Most things follow the rule that the more consumed of it, the less value it gives — but there is something magical about good music. It is incredible and relevant every time it is listened to, no matter how much it is played. Good music is timeless.
That is why we buy permanent copies of music we enjoy. As usual, Jobs explains this nicely:
People don’t want to buy their music as a subscription. They bought 45’s; then they bought LP’s; then they bought cassettes; then they bought 8-tracks; then they bought CD’s. They’re going to want to buy downloads. People want to own their music.
But video — TV shows and movies — has always been different. With video, we are used to streaming content in a general sense. That is, whether we watch shows and movies on television, go to the movie theatre, or rent movies, we are consuming a one-time copy of the media. Occasionally, when we really like a movie, we buy it on DVD.
So why do we consume video differently than we do music? Unlike music, TV shows and movies are mostly only entertaining to watch once. If you have already seen it, you know the mystery’s answer, you know whether the protagonist succeeds, you know… everything; rather than a vibrant, enchanting, grabbing world, the show or film is merely a replay of a sequence of events you have already memorized. After the first play, most shows and films lose their magic. Even the best shows and films end up this way; I own the X-Files box set, but after finishing it I have not watched it again. It does not contain any undiscovered secrets.
This explains why Netflix, which allows people to watch a movie or show and move on to another when they are finished for a reasonable monthly cost, has seen so much success while the AppleTV, with a much better experience, has seen only modest sales — people are not interested in buying movies and TV shows. They want to stream them.
I am a college student. I do not own a TV, and do not have cable. I do own a Mac and an Xbox 360, though, and together, they are the hub of my media-consumption. I stream music to the Xbox 360, which plays over my speakers; I play Hulu and iTunes rentals on my Mac; and now, I watch Netflix Instant Watch on the Xbox.
Because neither Hulu nor Netflix Instant Watch have anywhere approaching a complete inventory of movies and TV shows, I have to switch between four different sources — Hulu, Netflix, iTunes store, and DVDs. To watch iTunes or Hulu, I must connect my Mac to my display; to watch DVDs or Netflix, I must connect my Xbox 360.
The reason I have this convoluted setup, though, is because each of these services — Hulu, Netflix, iTunes — is providing a piece of the hole. Hulu and Netflix nail the streaming model; it is free or affordable to watch content on them, and the streaming quality is great. iTunes nails the library of content — they have a large selection of TV shows and movies.
So here is the problem: video is tied down, and has been since the DVD was invented. Streaming video is connected to its provider, and can only play on whatever devices it approves; downloaded video is restricted by DRM. The result is it is impossible to combine the different services into a cohesive whole.
As it stands now, video is broken.
As long as studios sign exclusive distribution contracts, so their movie or TV show is only on one online media service, we are going to have this problem. But Apple has already solved it in the interim.
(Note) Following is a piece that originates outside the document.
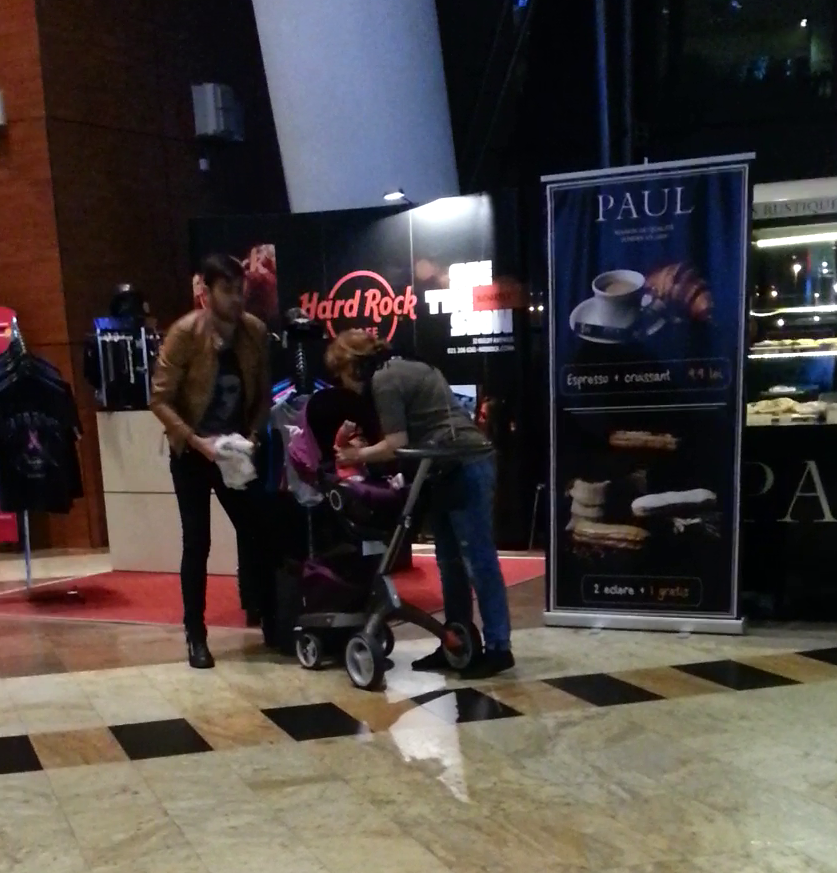 In mijlocul drumului, fotbalistul i-a schimbat scutecele fiicei lui. Cu putin ajutor, operatiunea a fost un succes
The iTunes store is big enough to where most studios want their content to be in it. NBC pulled their content from iTunes and tried to do it alone, and then realized that was not such a smart thing to do. Apple can build a store with most TV shows and a good selection of movies. In fact, they already have.
They also have a great way of bringing it to the TV — AppleTV. It is affordable, has an excellent UI, and has the power to be the only TV media device you need. The problem here is not the AppleTV.
The problem is iTunes. While iTunes has an excellent selection of TV shows and movies, it is currently a buy-per-episode or movie system. Movie rentals are certainly a step in the right direction, but it is not enough.
Paying $1.99 per TV show does not work with how most people watch TV — it is a music model. People like trying out new shows to see if they like it. If they do, they continue watching; if not, that is okay, because it did not cost them anything. Unless you like wasting $1.99, though, that simply is not possible on iTunes.
Even if you really like a TV show, usually you do not want to keep a copy of it, so the $1.99 is still a little much.
So this is what I propose. iTunes should have a subscriptions, where you pay something like $15 per month, and can watch as many TV shows as you want, and x amount of movies. There should be different plan levels, but unlimited TV shows should be the constant factor, while the number of movies changes.1
Of course, you can still buy TV shows and movies like normal — these are additional options.
With good reason, I believe Apple is hesitant to introduce subscriptions in iTunes because it complicates it. But if kept simple and connected to its purpose, this would be incredibly useful. For much less than cable, and much more conveniently than Netflix, you would be able to watch as much TV shows as you want, and a few movies a month, all over the same box which brings your music, photos and personal video to your home theatre. The AppleTV would be incredible.